--- RECORD EXTRACTS ---
⁂
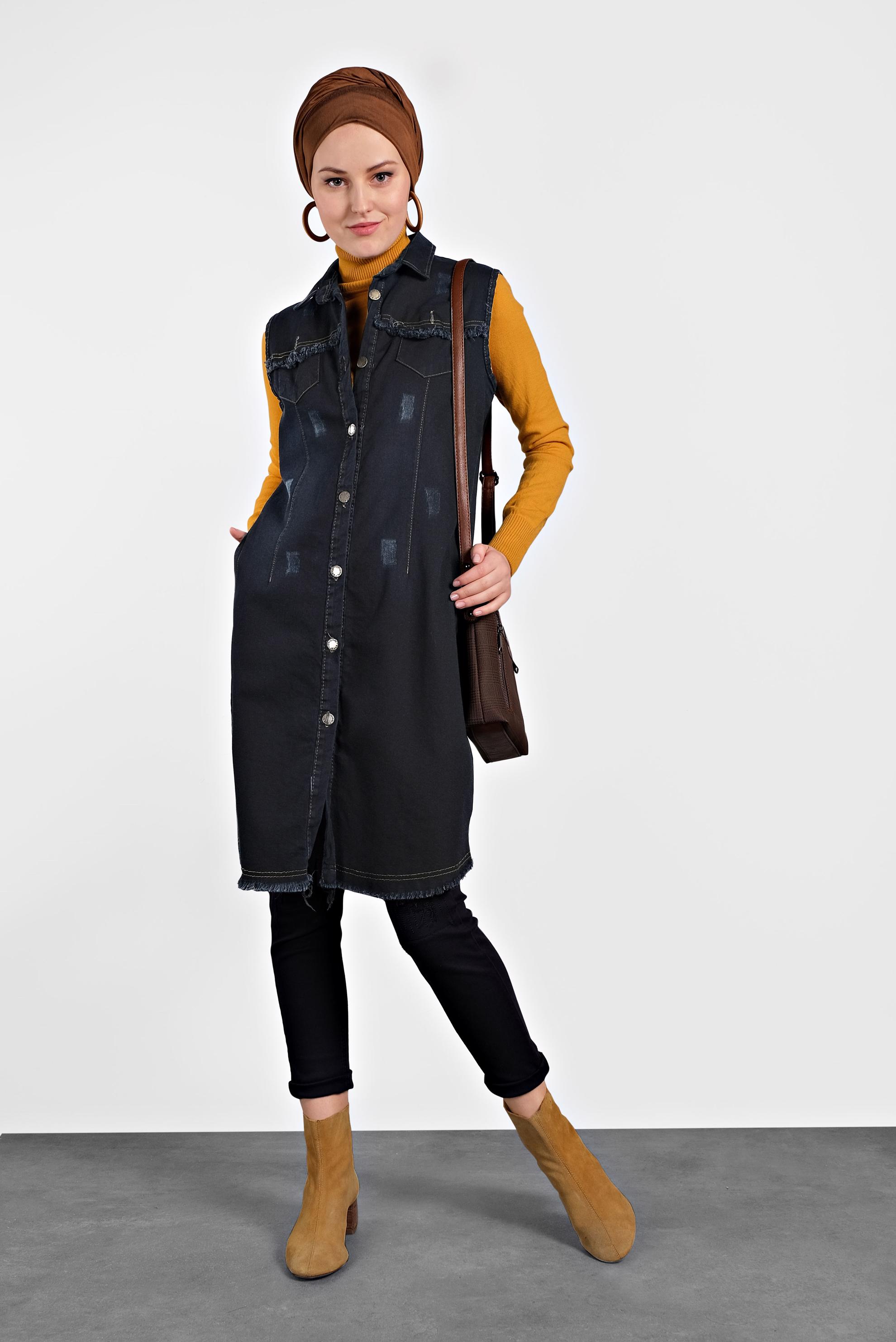 Tesettür giyim SİYAH DÜĞMELİ DENİM YELEK 4816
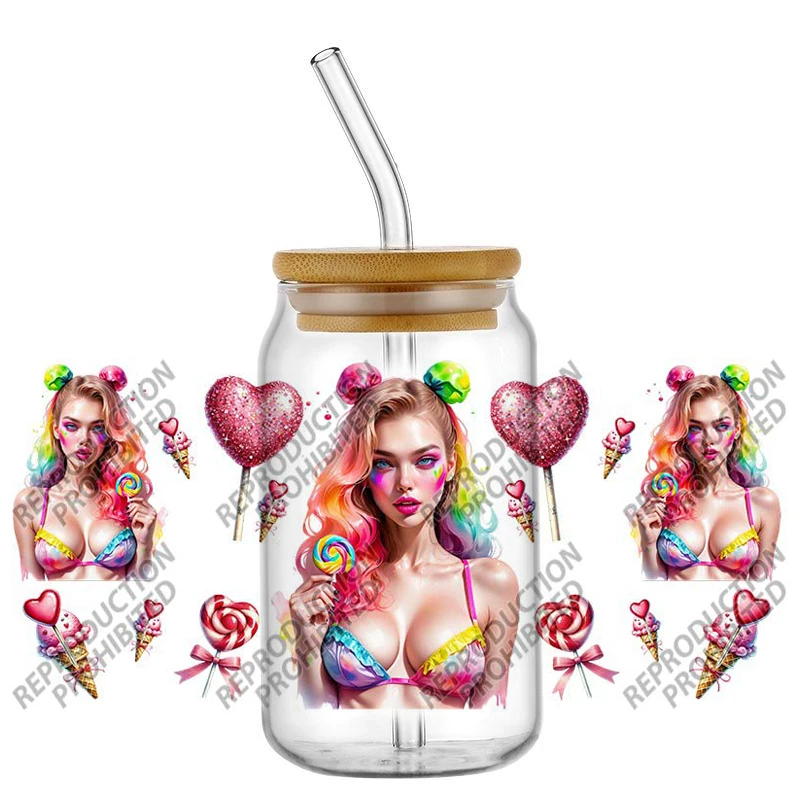 Lollipop candy women UV DTF Transfer Stickers Dipper Mabel Cup Wrap Permanent Waterproof For 16oz Libbey Glass Custom Labels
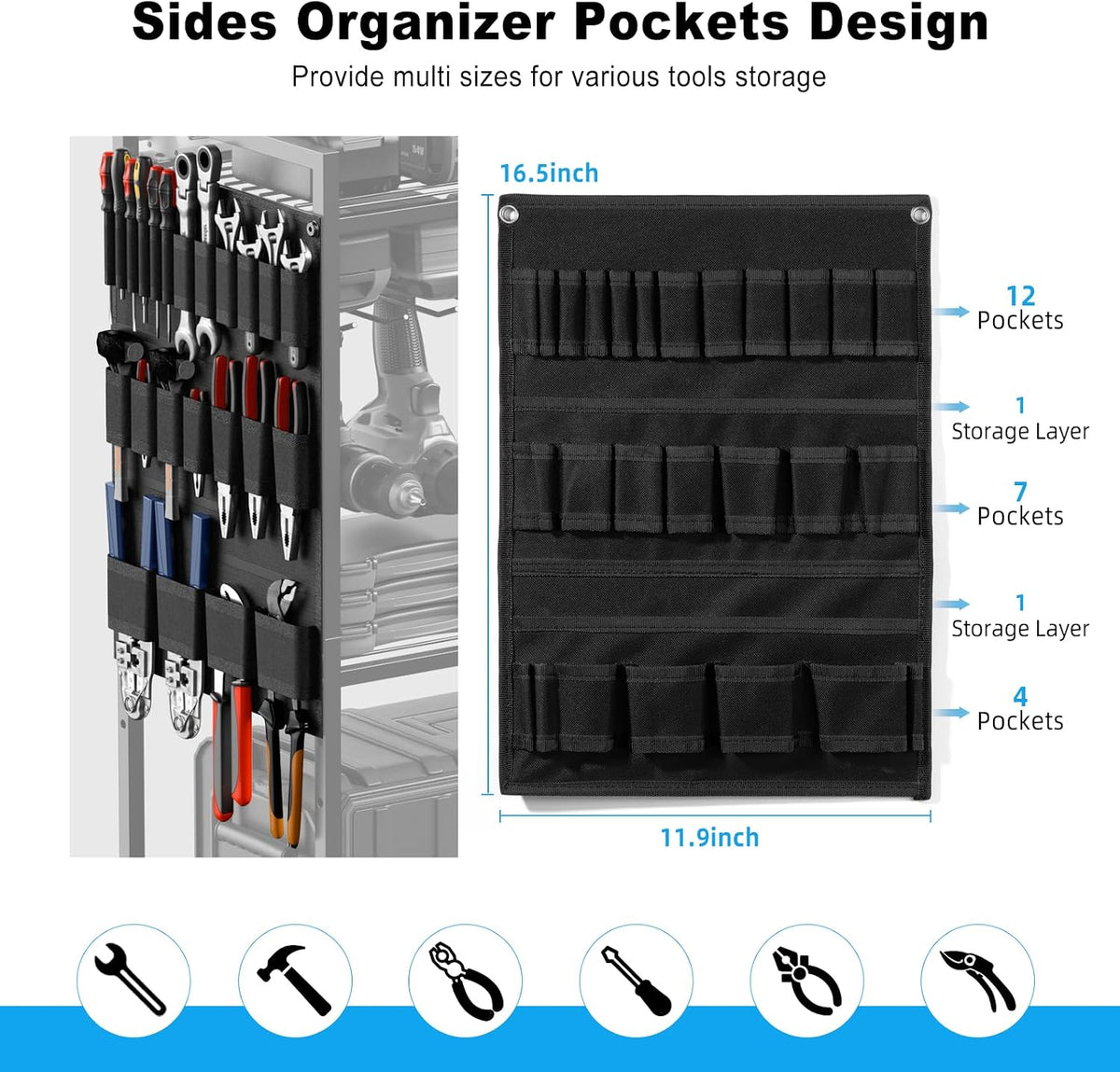 JUNNUJ Power Tool Organizer Cart with Charging Station, 6 FT Cord, Black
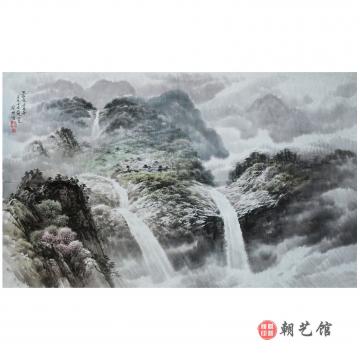 金英男《妙香山的上元洞》朝鲜国画-jdzx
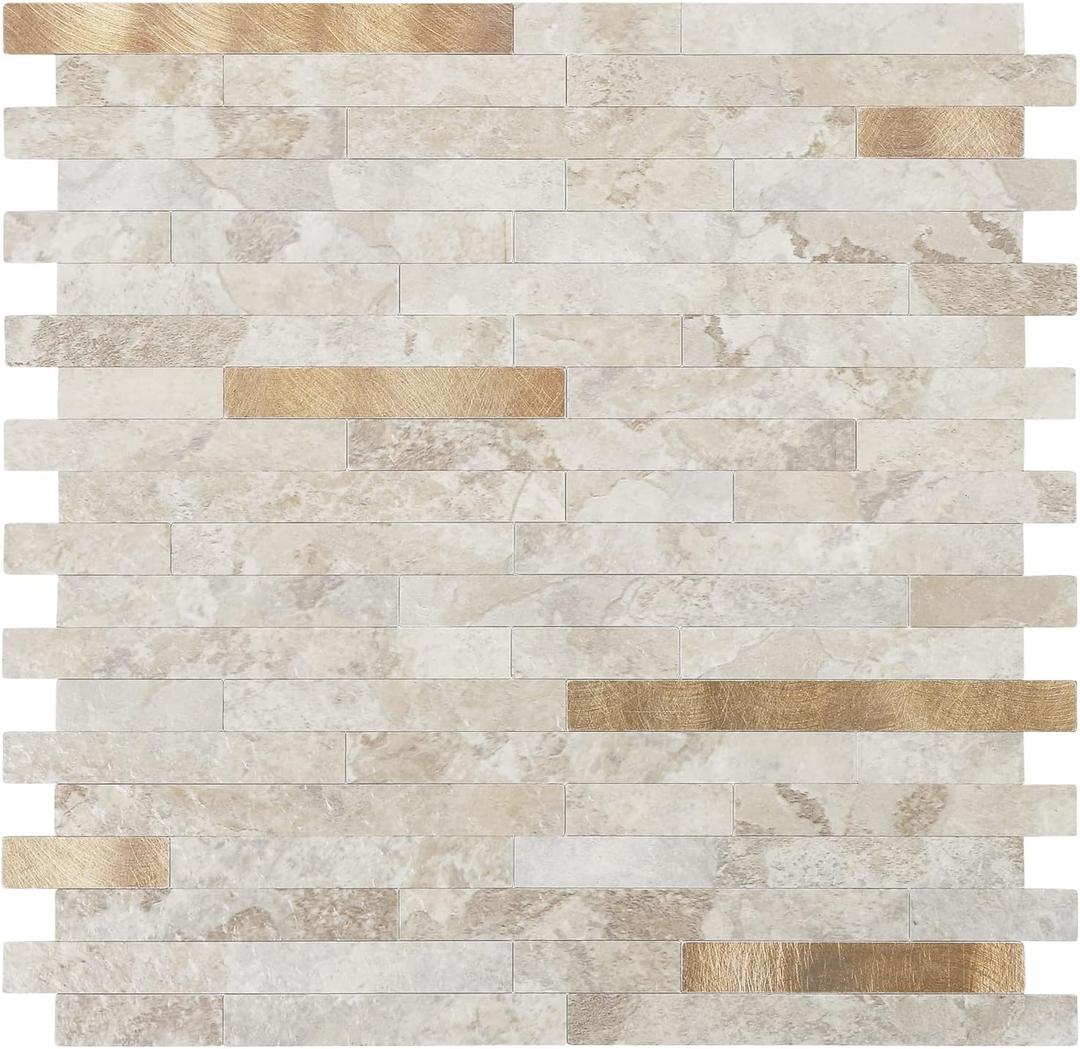 10 Sheets Peel and Stick Backsplash PVC Wall Tile,for Kitchen Backsplash (Dark Beige With Copper)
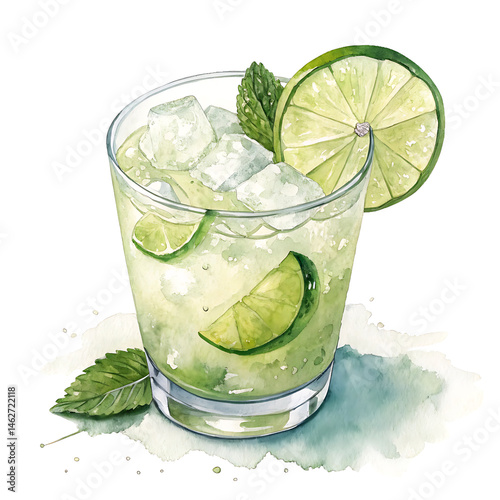 Refreshing Lime and Mint Cocktail Watercolor Illustration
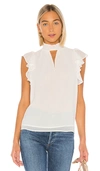 1.state Muse Smocked Neck Keyhole Blouse In Soft Ecru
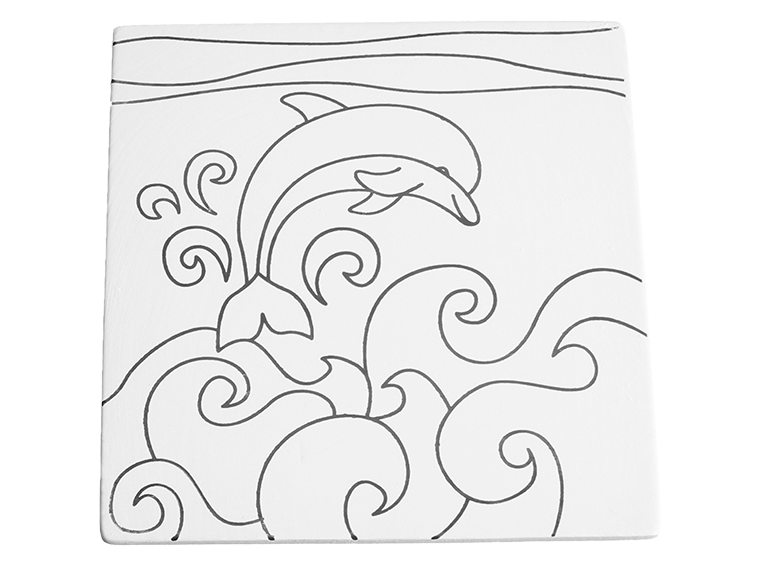 Bisque Leaping Dolphin Party Tile (Case of 12)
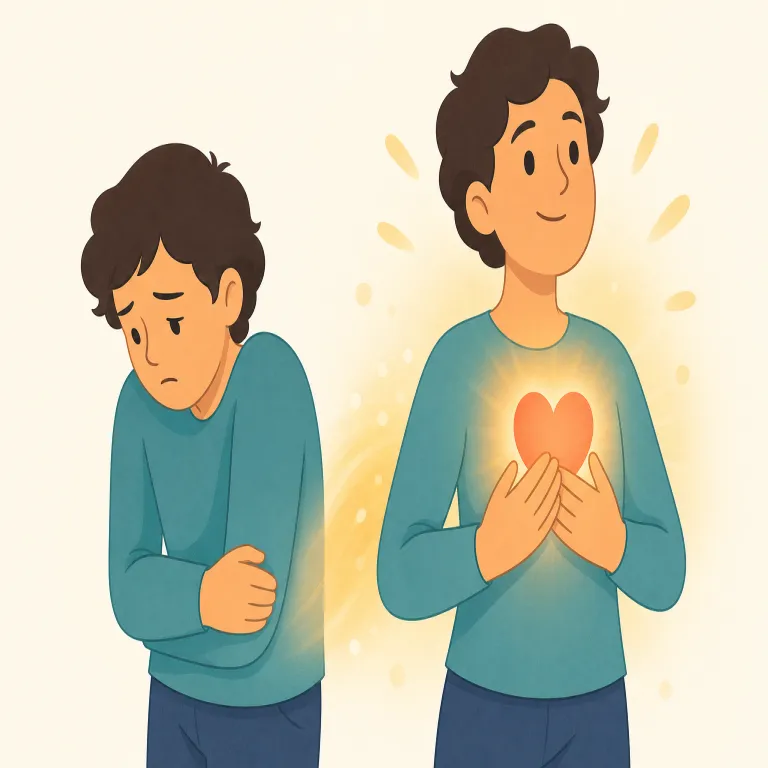 take heart（勇気を持つ・イディオム）の覚え方イラスト — heart は英語で「感情」だけでなく「勇気」の中心としてよく現れます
⁂
--- EXERCISE DETAILS ---
Starting at the line that holds "JUNNUJ Power Tool", write out every remaining line of the material above exactly as it appears. Pictures should not be copied.

--- ANSWER ---
 JUNNUJ Power Tool Organizer Cart with Charging Station, 6 FT Cord, Black
 金英男《妙香山的上元洞》朝鲜国画-jdzx
 10 Sheets Peel and Stick Backsplash PVC Wall Tile,for Kitchen Backsplash (Dark Beige With Copper)
 Refreshing Lime and Mint Cocktail Watercolor Illustration
 1.state Muse Smocked Neck Keyhole Blouse In Soft Ecru
 Bisque Leaping Dolphin Party Tile (Case of 12)
 take heart（勇気を持つ・イディオム）の覚え方イラスト — heart は英語で「感情」だけでなく「勇気」の中心としてよく現れます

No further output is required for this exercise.